In my experience, running Xen on another hypervisor (KVM, VirtualBox)
mostly works. What is broken, is running non-Xen within Xen.

> 4. Need more audit checks for what the VM can read or write, i.e. guest requirements.
> 5. Virtual vmentry and vmexit emulation "leaking", doesn't cope well.
> 6. Context switching bug fixed a while ago: doesn't understand AFR(?) loading or whether it should do it or leave alone.
> 7. Missing instructions to virtualize vmexit.
> 8. Enlightened EPT shootdown is easy on top of the other features working.
>
> **Dependent on CPUID and MSR work**
>
> 1. Auditing of changes. Can then fix virtual vmentry and vmexit, one bit at a time. Once all features are covered, it should work fine.
> 2. hwcaps: needed to tell the guest about the security state of the hardware.
> 3. Reporting CPU topology representation to guests, which is blocking core-scheduling work (presented by Juergen at Xen Summit)
> 4. Andrew is working on the prerequisites for the policy.
>
> **Validation of Nested Virtualization**
>
> 1. First priority is correctness.
> 2. Second priority is performance.
> 3. There is a unit testing prototype which exercises vmxon, vmxoff instructions.
> 4. Depends on regression testing, which depends upon (a) formal security support, (b) approval of the Xen security team.
> 5. Other hypervisors must be tested with Xen.
>
> **Guest State**
>
> Nesting requires merge of L1 and L0 state.
>
> 1. AMD interface is much easier: it has "clean bits": if any bit is clear, must resync. Guest state is kept separately.
> 2. Intel guest state is kept in an opaque blob in memory, with special instructions to access it. Memory layout in RAM is unknown, behavior changes with microcode updates and there are 150 pages of relevant Intel manuals.
> 4. Bromium does some fun stuff to track guest state in software, poisoning RAM and then inspecting it, which is still faster than Intel's hardware-based VMCS shadowing.
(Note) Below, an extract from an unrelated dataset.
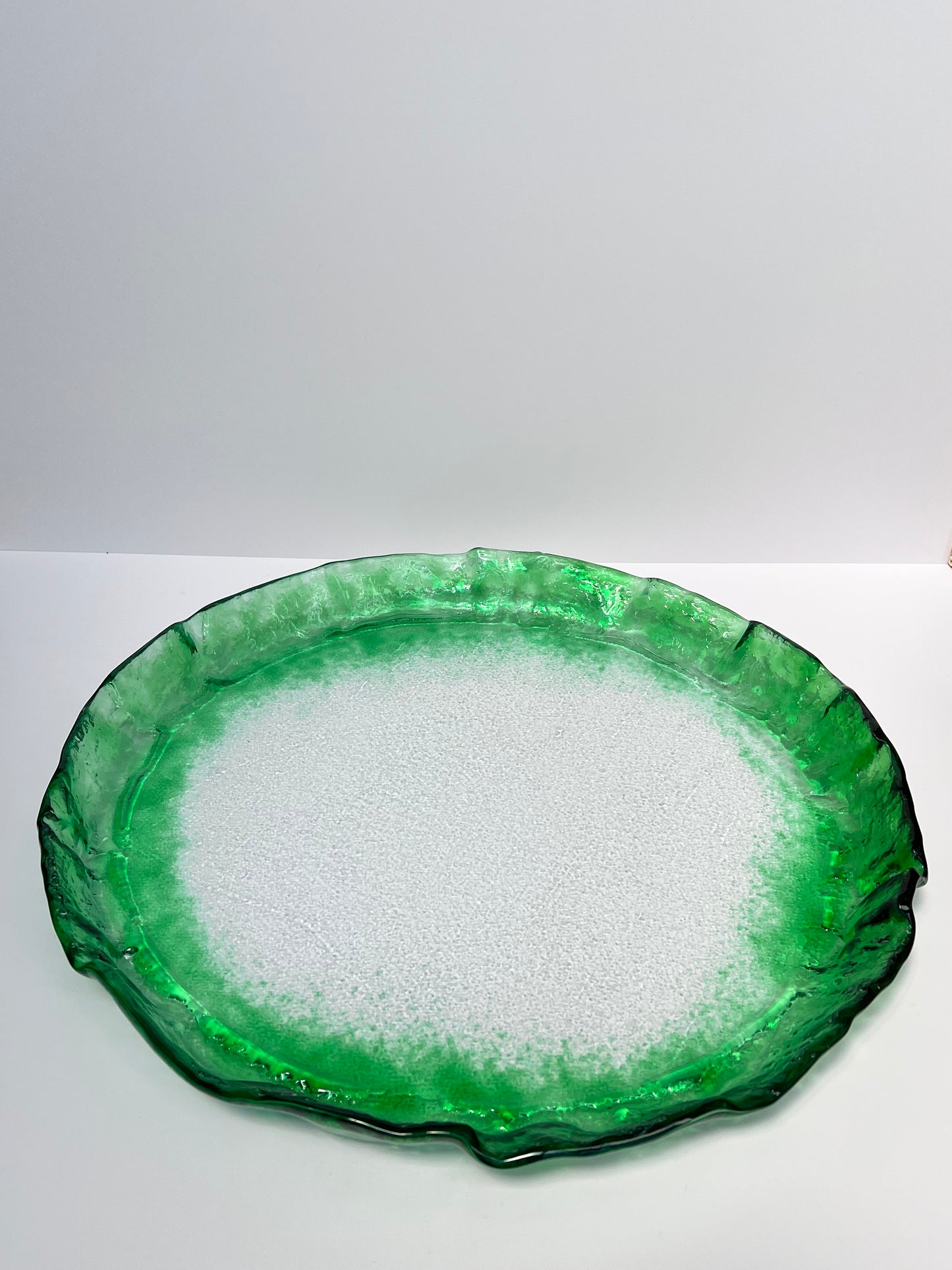 MEDUSA - Large shallow platter - Green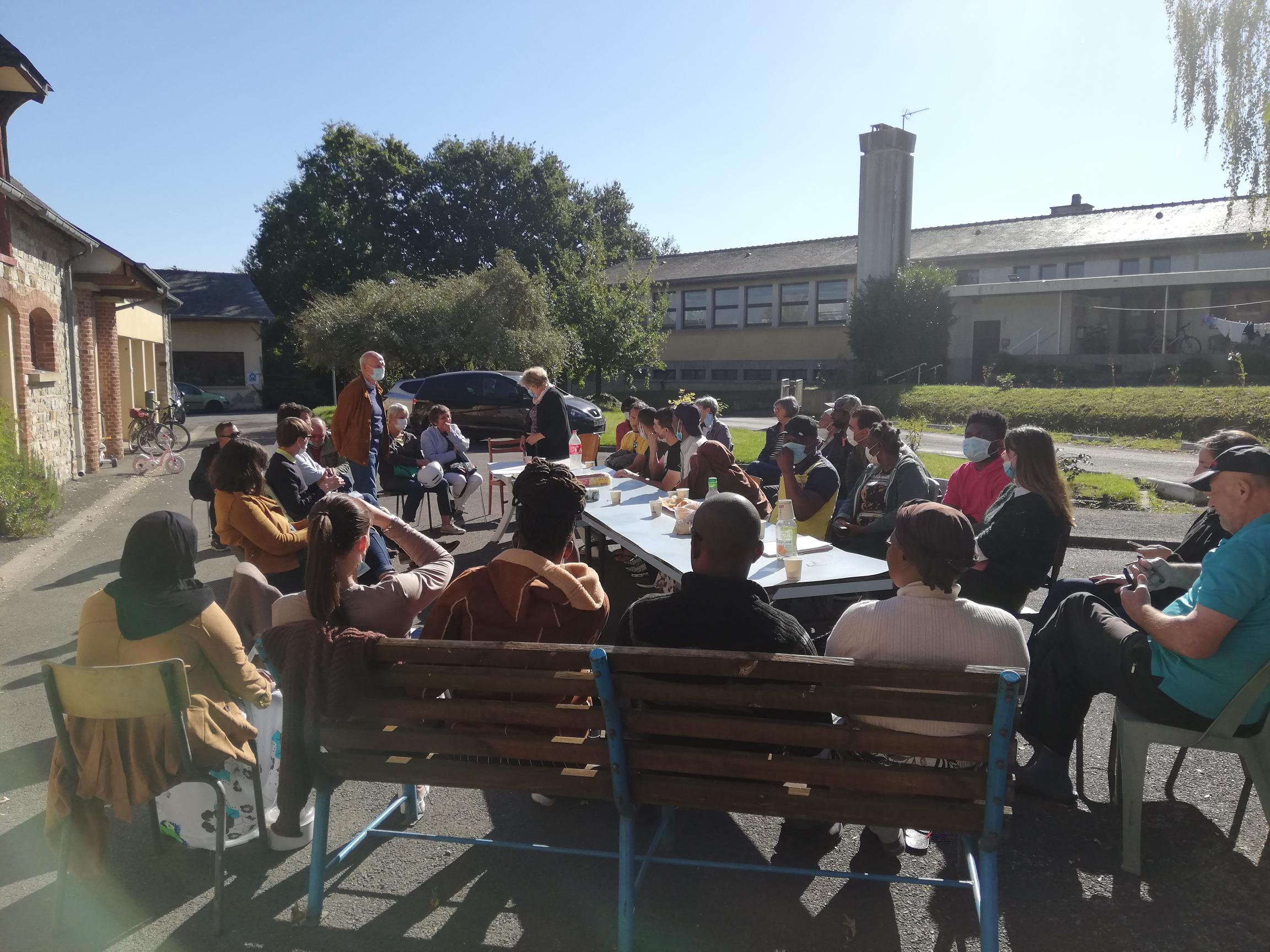 A Betton, les résidents prennent part à l’organisation du CADA-1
L1 hypervisor (Type-2 uXen): https://github.com/openxt/uxen
> 5. Viridian emulates the AMD way, i.e. Microsoft has Intel bits formatted in an AMD-like structure, then L0 translates the AMD structure into Intel's opaque blob.
>
> **Secure Variable Storage**
>
> 1. Need an agreed sane way for multiple hypervisors to handle it, eg. a pair of ioports, translation from VMX, guest handles the interrupts via a standard ioport interception to secondary emulator: tiny.
> 2. Easy case: ioports + memory page for data.
> 3. Citrix XenServer has a closed-source implementation (varstored?)
>
> **Interface for nested PV devices**
>
> PV driver support currently involves grants and interrupts.
>
> Requirements:
>
> 1. Should Xen's ABI include hypercall nesting level?
> 2. Each layer of nesting must apply access control decisions to the operation invoked by its guest.
> 3. Brownfield: if Xen and other L1 hypervisors must be compatible with existing Xen bare-metal deployments, the L0 hypervisor must continue to support grants, events and xenstore.
> 4. Greenfield: if the L0 hypervisor can be optimized for nesting, then PV driver mechanisms other than grants, events and xenstore could be considered.
>
> Live migration with PCI graphics (has been implemented on AWS):
>
> - need to make it look the same, regardless of nesting level
> - 1 or more interrupts
> - 1 or shared pages of RAM
> - share xenstore
> - virtio guest physical address space DMA: done right
> - _*need to get rid of domid*_ as the endpoint identifier
>
> Access Control:
>
> Marek: use virtio?
> David: do whatever you like in L1
> Juergen: new "nested hypercall", to pass downwards an opaque payload
> David: how does access control work with that approach?
>
> Christopher: xenblanket RFC series implements support for one level of nesting. Its implementation below the hypercall interface demonstrates access control logic that is required at each nesting level.
>

--
Best Regards,
Marek Marczykowski-Górecki
Invisible Things Lab
A: Because it messes up the order in which people normally read text.
Q: Why is top-posting such a bad thing?